It's not so much that "it will never happen here" as the odds of it happening in most places are so small that it's just not worth the staff time and aggravation of checking everyone's ID.  The Halifax dockyard, home to over half of the ships in the navy and quite a bit of supporting infrastructure, requires a different level of security from a small-town armoury which contains nothing of strategic value and is home to a unit all of whose members know one another.


----------



## Chimo (9 Sep 2005)

It seems to me I have to show my ID Card any time I need to process a claim or any number of admin/med actions.

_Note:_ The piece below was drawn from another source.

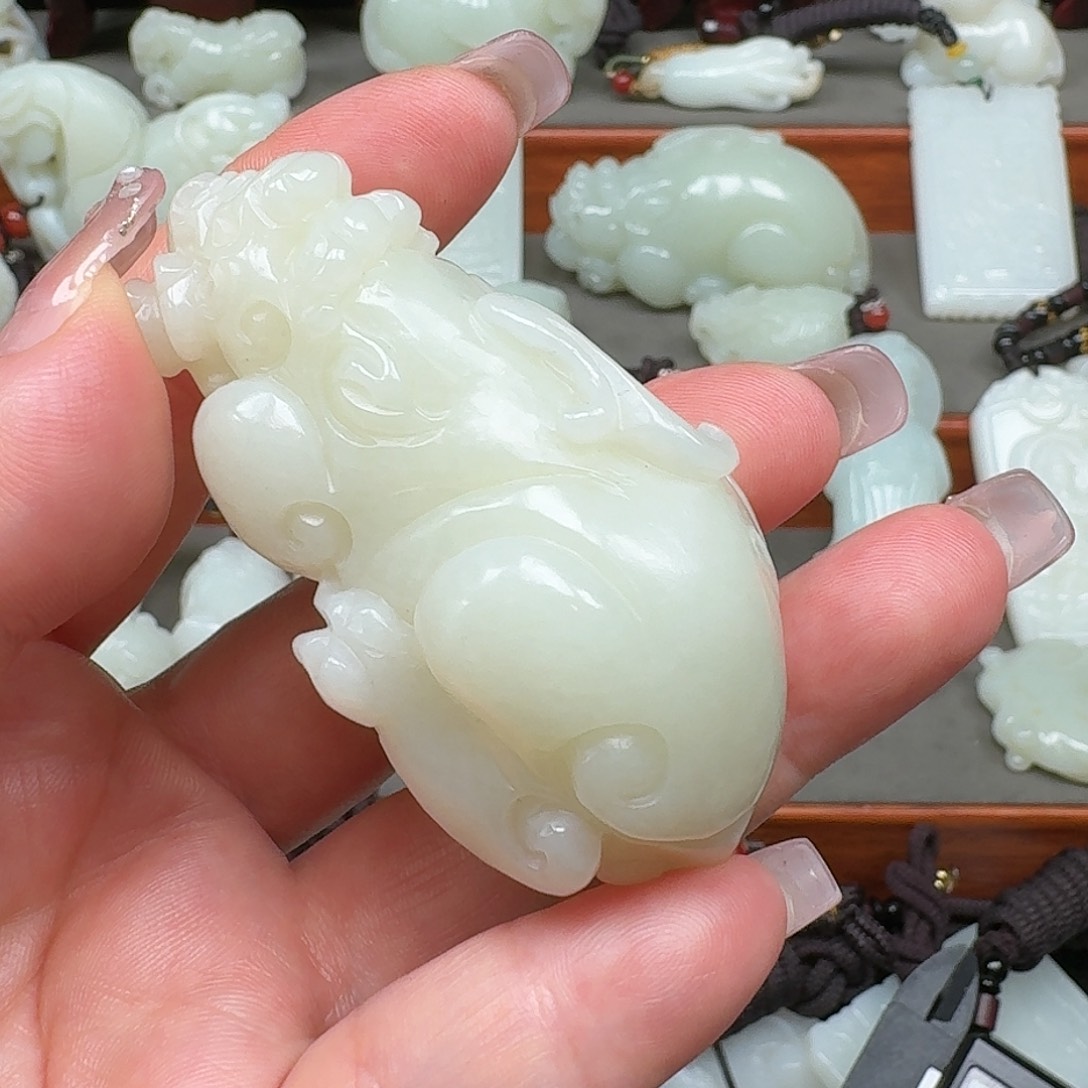 风***梁和田玉未镶嵌摆件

Perhaps the Reserves move in different circles.   

I work in the US and you can't buy a jug of milk at the PX without an ID Card, let alone access the Base. Seems they have a different priority of security. As far as Armouries not being a strategic target I would agree but they probably would make a very good symbolic target.


----------



## Lost_Warrior (9 Sep 2005)

> The Halifax dockyard, home to over half of the ships in the navy and quite a bit of supporting infrastructure, requires a different level of security from a small-town armoury which contains nothing of strategic value and is home to a unit all of whose members know one another.



Well, to be fair, I have been to ValCartier a lot.  I can't count the number of times the guy at the gate waived me by because I was in uniform.    Valcartier is home to the 3 R22R and the 12 RBC.   

All some terrorist &^$%# has to do is get his hands on a fake CADPAT uniform and beret and drive his way into the base, then it's open season on whatever target he choses is worthy.

The same for Meaford when I was there.   Driving in and out of the base in uniform was a breeze.  

The "no ID check" can not be blamed only on milita units....


----------



## Lost_Warrior (9 Sep 2005)

> I work in the US and you can't buy a jug of milk at the PX without an ID Card, let alone access the Base.



Thats true.  Everytime we left/entered the base at Camp Blanding, our CDN Military ID was required.  They also had an actual soldier with a rifle at the gate.  Not some old guy with a flashlight....*cough* Valcartier *cough*


----------



## Donut (10 Sep 2005)

On a SUE in the UK in 2001 ( I think) in Folkestone, we routinely had certain Engineers, having had a few too many, brought home on the pointy end of an SA80, with a grinning Gurkha on the other end.  We'd vouch for him, the Gurkha would smile, and disappear back to his guardhouse.  I worked with some of their medics later in the trip, and apparently their boys thought the drunk Canadians were the high light of otherwise very boring stags at the garrison gate.

We take security far to leniently around DND facilities.

The OP's "Friend" should suck it up and report it ASAP, and I really would like to see a charge or two come out of it, pour encourager les autres.

All it took to get into NDHQ last time I was there was an I Card and a leave pass.  I needed the stamp for my LTA.  Maybe I'll drop by next week, see what it takes to get in these days.  

Now who do I know at the puzzle palace....

DF


----------



## S McKee (10 Sep 2005)

Lost_Warrior said:
			
		

> Well, to be fair, I have been to ValCartier a lot.   I can't count the number of times the guy at the gate waived me by because I was in uniform.      Valcartier is home to the 3 R22R and the 12 RBC.
> 
> All some terrorist &^$%# has to do is get his hands on a fake CADPAT uniform and beret and drive his way into the base, then it's open season on whatever target he choses is worthy.
> 
> ...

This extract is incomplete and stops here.